■ **About this exercise**: The listing that follows should be copied in full and exactly, with no pictures.

■ **Material provided**:
******

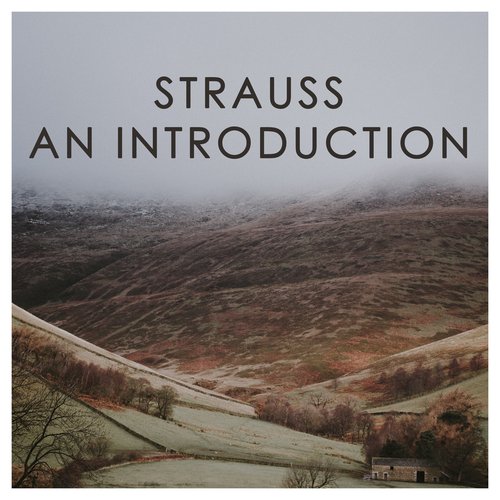 J. Strauss II: An Introduction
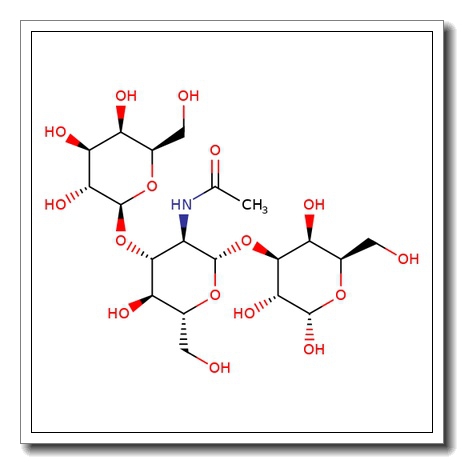 Lacto-N-triose II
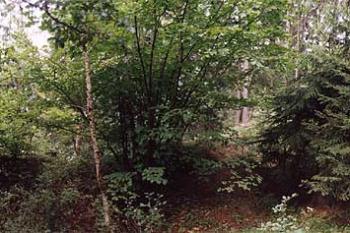Panorama na hradě (© Vlky, Jirka Čížek)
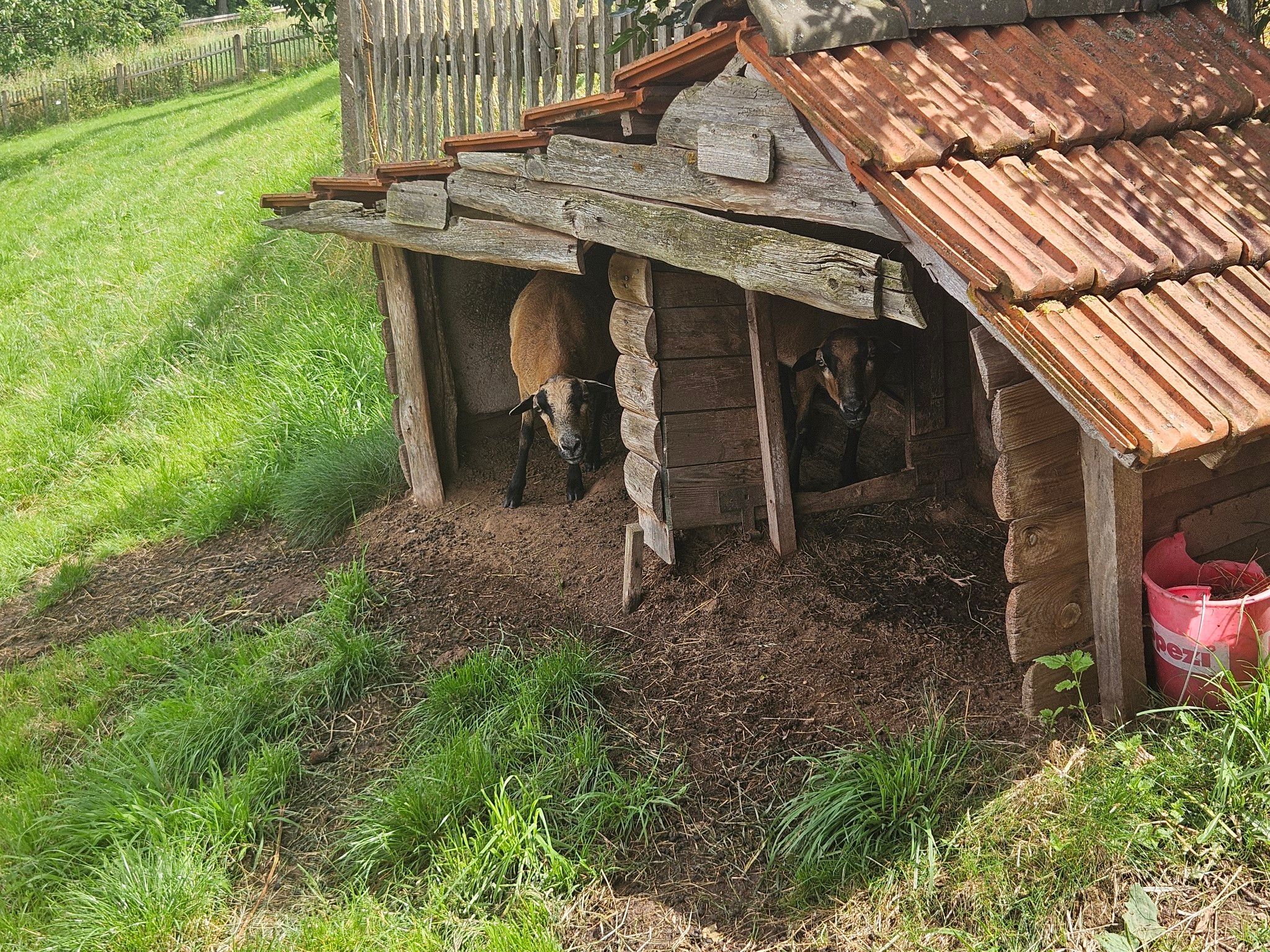 tierische Mitbewohner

******

■ **Written answer**:
 J. Strauss II: An Introduction
 Lacto-N-triose II
Panorama na hradě (© Vlky, Jirka Čížek)
 tierische Mitbewohner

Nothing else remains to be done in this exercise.